You can use the non-reinforced disc that come with many Dremel kits, but be warned that they shatter easily. Eye protection is a must.










You're left with a nearly perfect looking cut with fringes on the outside and a shrunken inner liner.










With snips or *****, trim the fringe from around the exterior to ensure a solid bead seat.

Use an awl or a scribe to pierce the inner lining and flute it open. Wait for the lining to cool, otherwise it'll just mush around.










Perfecto! Run a piece of cable through the end to check that nothing is plugged up.










As a coup de gras, spray dry lubricant through one end until it spits out the other. This will give you a little extra slickness without an oily coating to attract dirt.

Here I use Pyroil Silicone Spray Lubricant, but other dry sprays such as  or [url=https://www.888teammclube.com/frames/sailkote/]McLube SailKote will do equally well.










]As a finishing touch, give the heat shrink treatment to the cut cable end. It's a great alternative to crimping a cable end cap on, it'll stay put, but will easily come off with a firm tug if you need to re-pull the cable.










I find that 1/16" fits great on 1.1 & 1.2mm derailleur cable, and 3/32" is perfect for 1.5mm brake cable.

The 3/32" tubing can be difficult to find. The skinnier 1/16" tubing is available at Radio Shack and fits over 1.5mm brake cables, but will split during the shrinking process if overheated.










You don't need a heat gun -- a lighter or a match will do the trick.










Tidy looking installation.










Index of MkIII Build Posts

*
MAIN: MkIII / Speedhub Build Pics

Iron Horse MkIII Naked Frame (March 2005)

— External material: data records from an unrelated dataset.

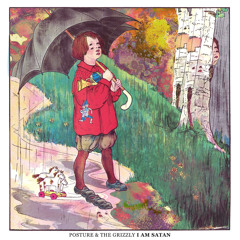 posture & the grizzly - mandy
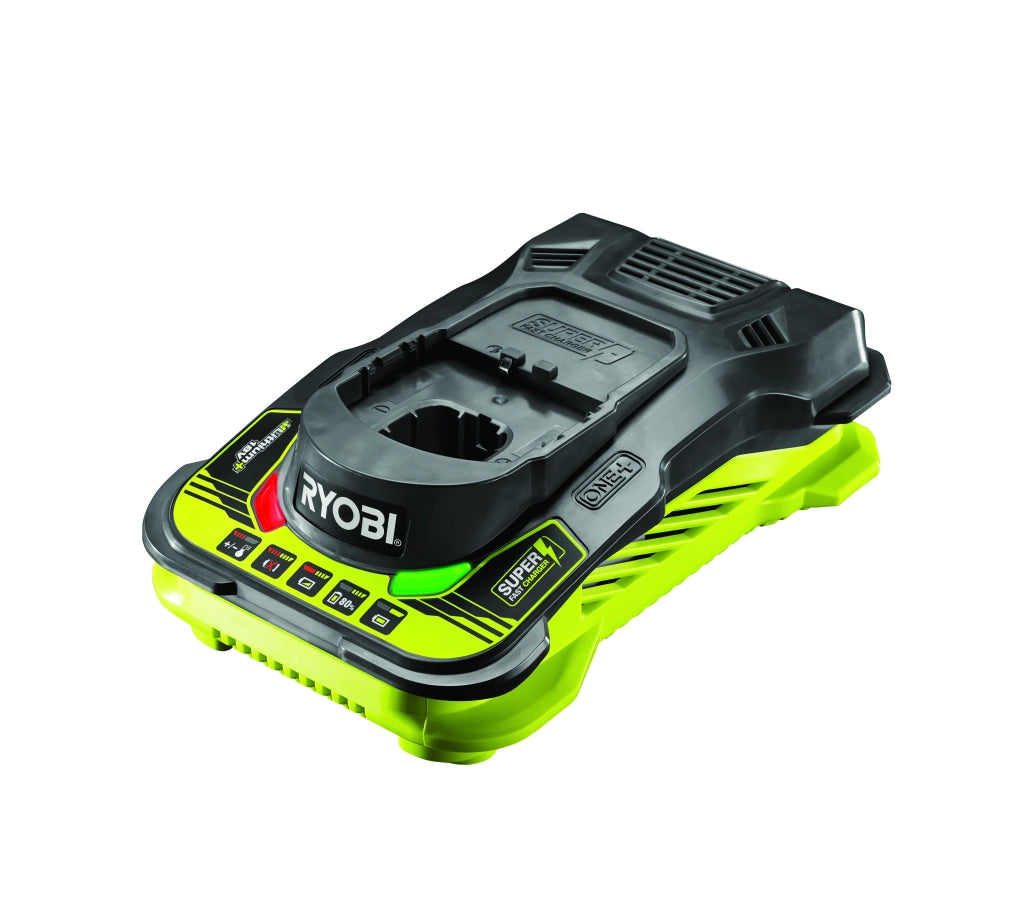 CARICABATTERIA SUPER-RAPIDO 'RC18150' RYOBI Compatibile 18V - RYOBI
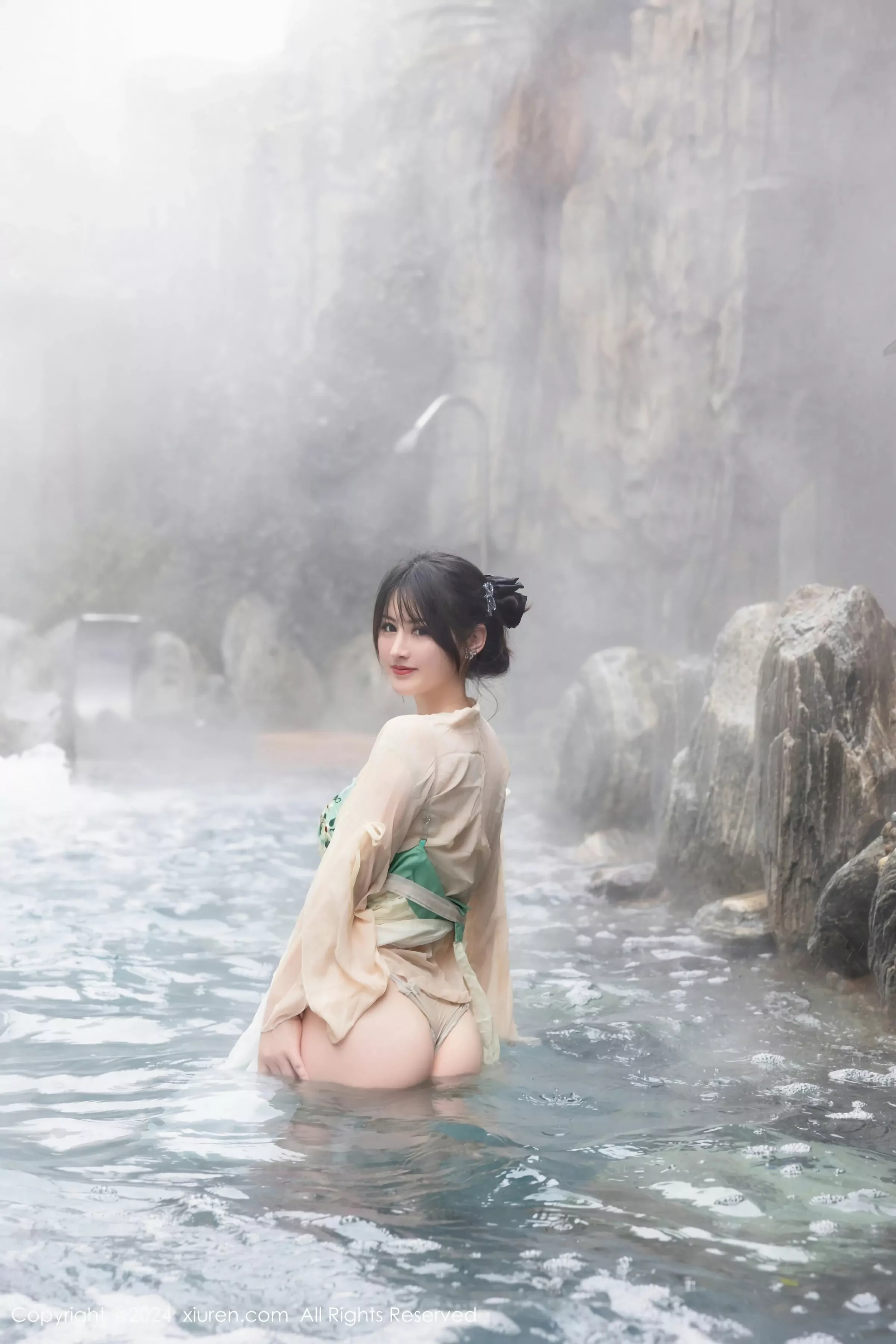  XiuRen 秀人 No.8128 诗诗kiki [82P]第5张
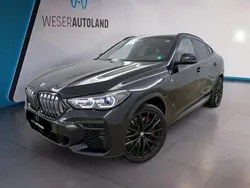 Black sapphire metallic Gebraucht 2023 BMW X6 Shadowline SUV | 76.900 € (Guter Preis)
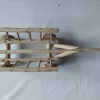 Wooden chariot 2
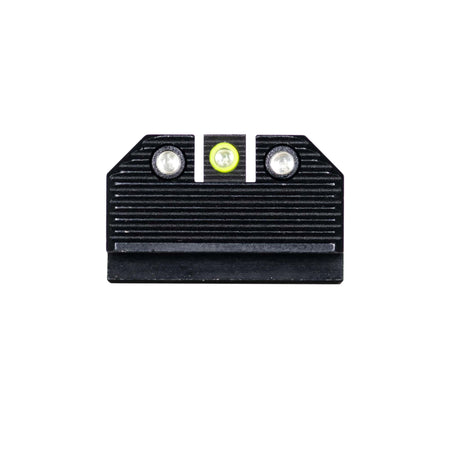 Night Fision Optics Ready Stealth Night Sight Set Yellow Front Black Rear for Walther PDP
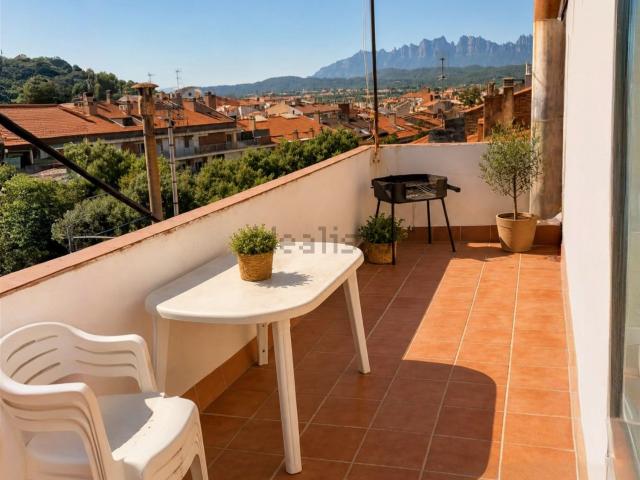 Ático en venta en Poble Nou, Bages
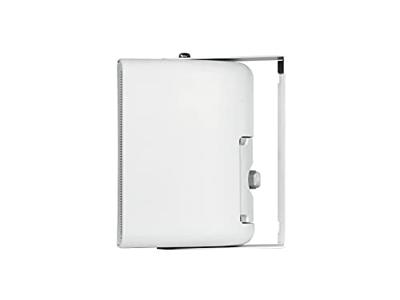 Omnitronic ODP-204T PA-wandluidspreker 10 W Wit 1 paar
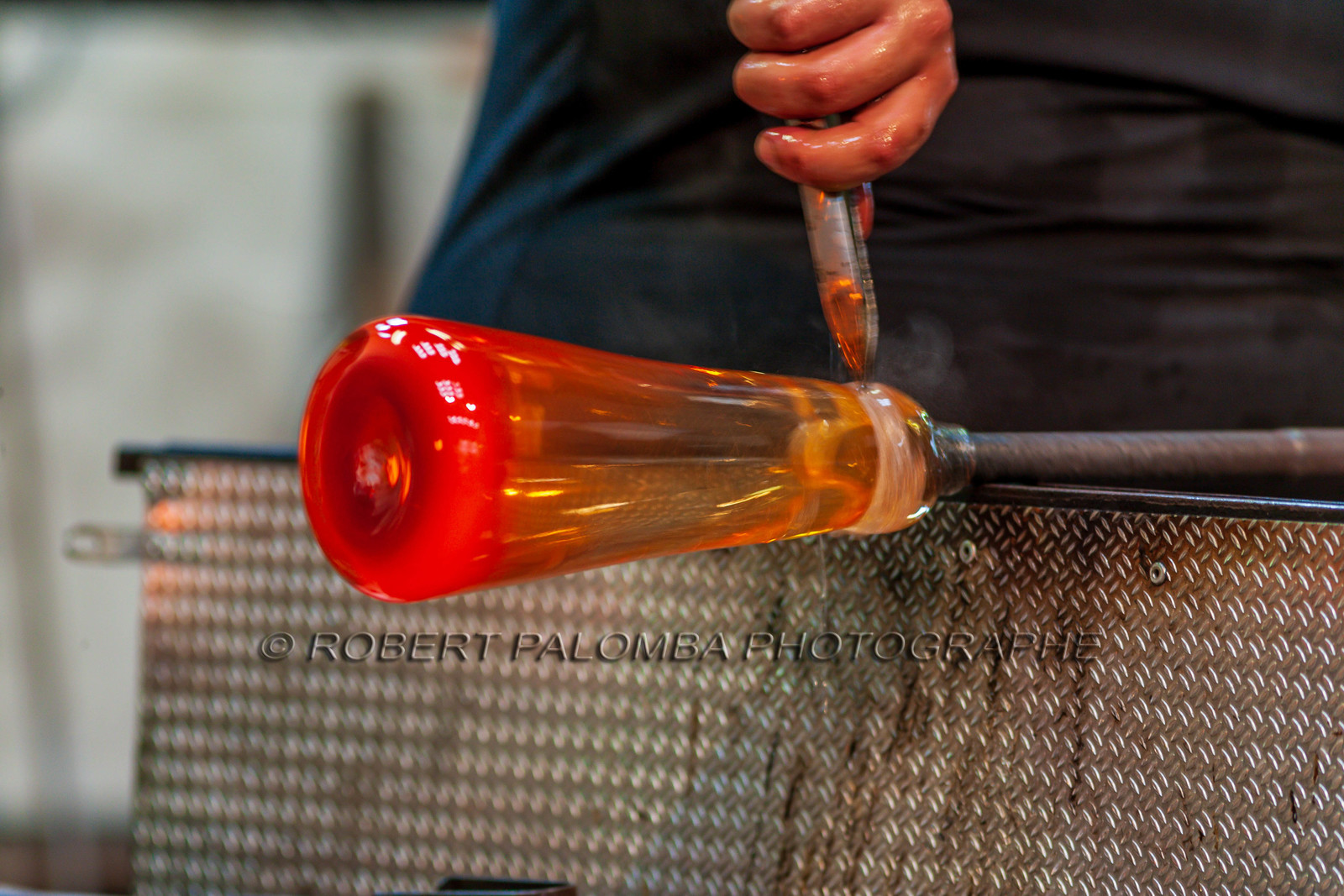 Souffleur de verre Feliceto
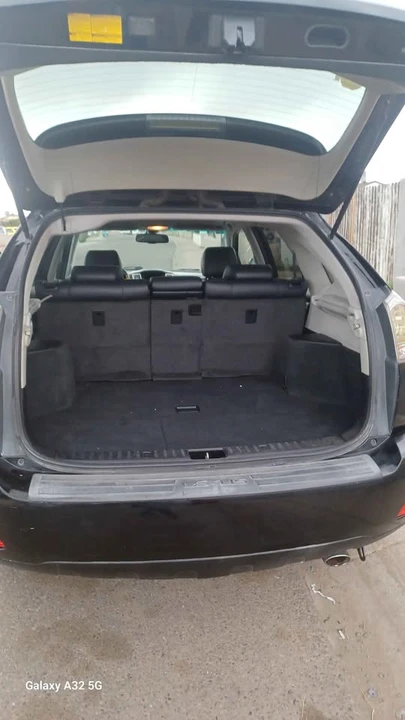 2007 Lexus RX 2nd Gen - Image 7 of 8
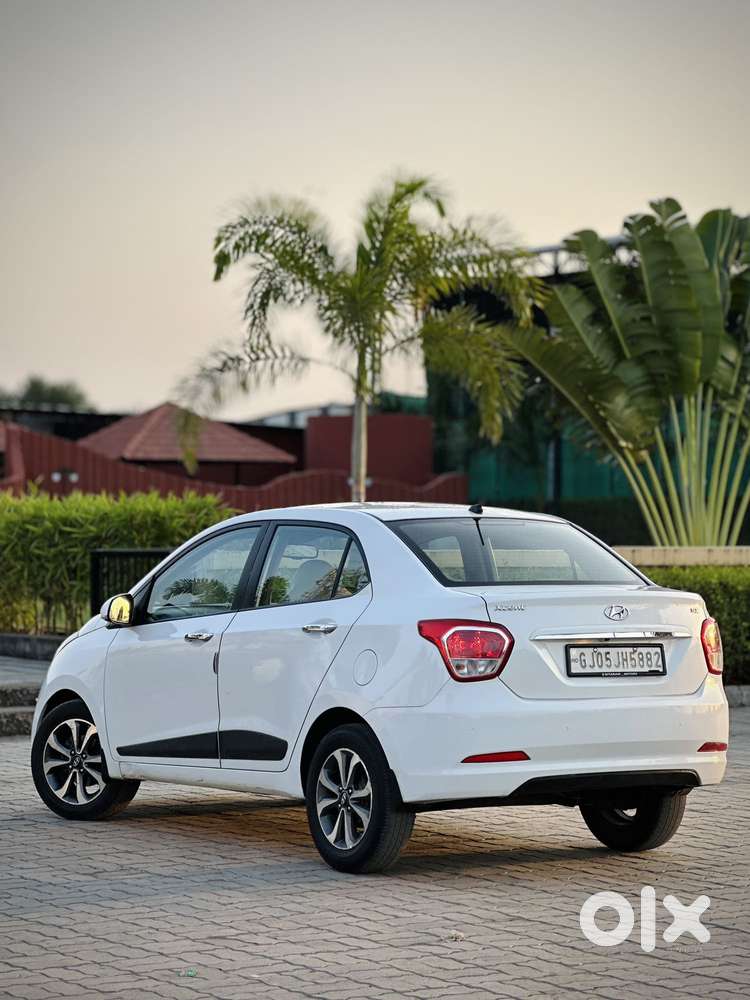 Hyundai Xcent Sx 1.2 (o), 2014, Diesel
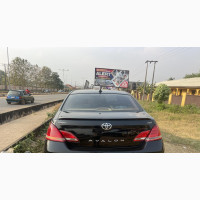 Toyota Avalon 2008 Black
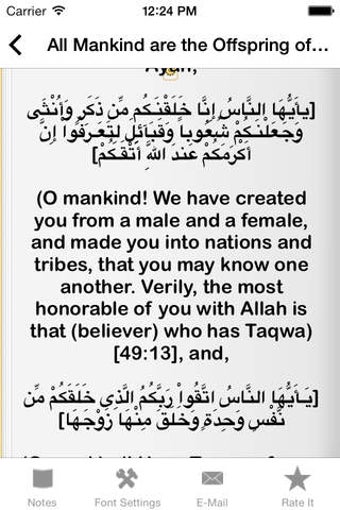 Imagen 0 para The Glorious QURAN Commen…
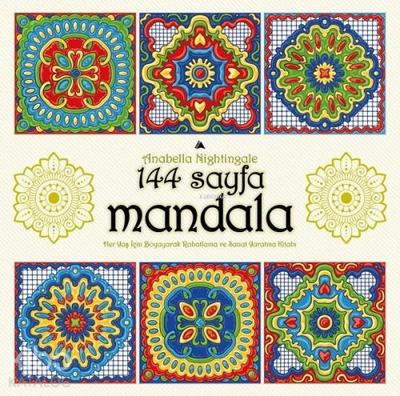 144 Sayfa Mandala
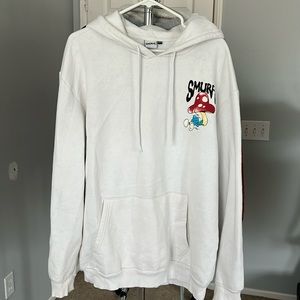 The Smurfs Hoodie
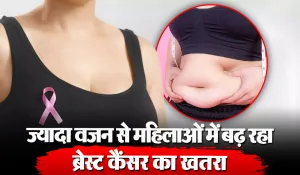 Health News of breast cancer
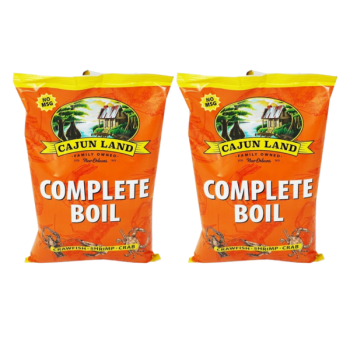Cajun Land Complete Boil 64 oz Pack of 2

Hollowpoint Speedhub Build Pictures (April 2003)

Cane Creek AD-12 Air Chamber Volume Adjustment

White Brothers 2006 Technology*

*White Brothers DT 1.2 Fork Porn

Stripping Anodization

Bottom Bracket Drain Hole Drilling & Installation

Drilling Out Cable Stops (Full Length Cable Run)

Dremel Cut & Prep of Cable & Housing* *Hopey Steering Damper Installation

Stripping & Polishing an Aluminum Frame

Homemade Headset Removal & Installation Tools

Star Fangled Nut Removal (Drilling out the Star Nut)*


----------



## KevinB (Oct 5, 2004)

Speedub.Nate said:


> Make the cut quickly and decisively -- cutting slowly builds heat, melting the inner lining and damaging the outer sheth.


Thanks for posting this. I'll have to give the dremel another try. (My mistake was going too slowly.)

The heat shrink tubing on the ends of the cables is a nice touch too. I'll have to try that as well.


----------



## SSteve F (Jan 15, 2004)

I would also (humbly) suggest the use of "round" needle file to clean-out the inner housing. The awl/scribe works well if the liner is still warm (not hot), but doesn't get everything clean if it is cold or still has rough edges. By inserting the tip of the round file and rotating, it cleans ALL the debris out and ensures nothing will drag on the cable.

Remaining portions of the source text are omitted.